Running WRF-GC on the AWS Cloud with ParallelCluster

Summary

This guide is being actively updated as we prepare to publicly release WRF-GC. Stay tuned for updates.

This is a tutorial on how to set-up the WRF-GC model on the Amazon Web Services cloud.

There have already been successful efforts and guides on setting up WRF and GEOS-Chem on the AWS cloud and GEOS-Chem input data is already readily available on AWS S3. Thus it is very easy to set-up the WRF-GC coupled model to run ultra-high resolution simulations on the cloud.

In this tutorial we will learn how to use AWS ParallelCluster to create your own cluster on the AWS cloud and run WRF-GC on it. WRF-GC supports MPI-based parallelization so it can take advantage of multiple compute nodes.

Steps

In this guide I will document steps for:

Setting up AWS ParallelCluster to create your own HPC cluster
Configuring the software environment for building WRF-GC
Running a test WRF-GC simulation across nodes

I will not go into much detail on setting up AWS infrastructure. I’d like to point you to an excellent tutorial written by Jiawei Zhuang.

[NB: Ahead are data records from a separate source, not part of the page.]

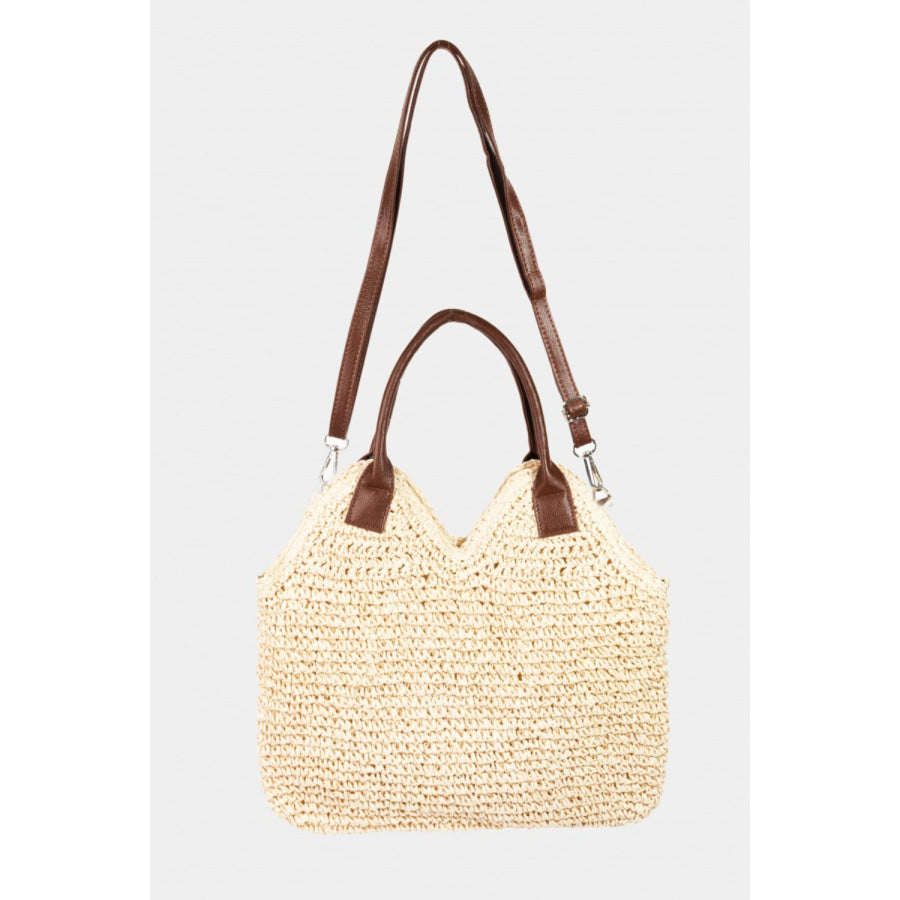 Fame Straw Braided Faux Leather Strap Shoulder Bag IV / One Size Apparel and Accessories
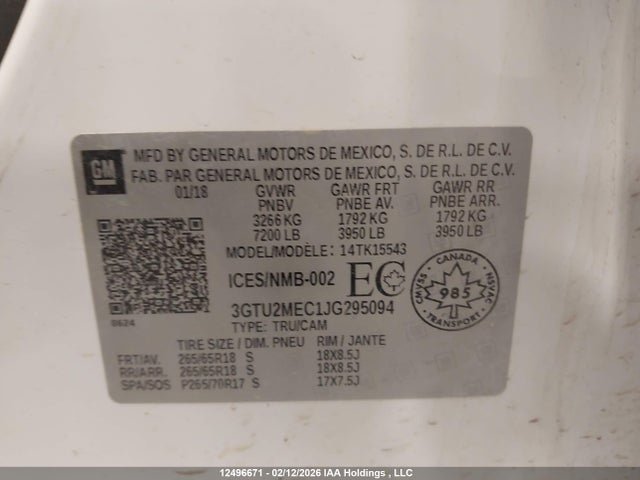 3GTU2MEC1JG295094 GMC Sierra K1500 Sle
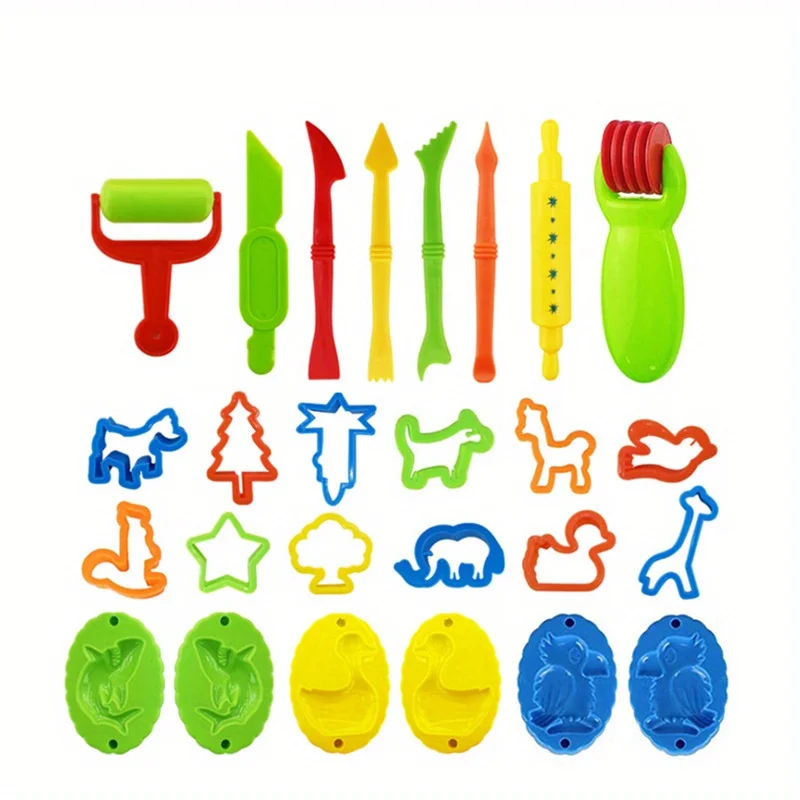 26pcs/set Educational DIY Plasticine Mold Modeling Clay Set With Play Dough Tool Kit And Knife Mold  Assorted Colors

Setting up AWS ParallelCluster

Work in progress - refer to Jiawei’s AWS HPC Guide for setting up.

Creating the software environment for WRF-GC: Compilers

First, get the spack package manager for HPC:

cd /shared  # install to shared disk
git clone https://github.com/spack/spack.git
echo 'export PATH=/shared/spack/bin:$PATH' >> ~/.bashrc  # to discover spack executable
source ~/.bashrc

Load intelmpi in your modules:

module load intelmpi
source /opt/intel/compilers_and_libraries/linux/mpi/intel64/bin/mpivars.sh -ofi_internal=0

You might want to put this in your ~/.bashrc.

You have two paths to choose now for your compiler choice:

Use the Intel C/Fortran compilers, if you have a license. They generally afford better performance. If you choose to go this route, skip to the Intel section.
Use the free and open-source GNU C/Fortran compilers. In this case skip to the GNU section.

Intel

You will need a valid Intel compiler license. (You may be eligible as a student).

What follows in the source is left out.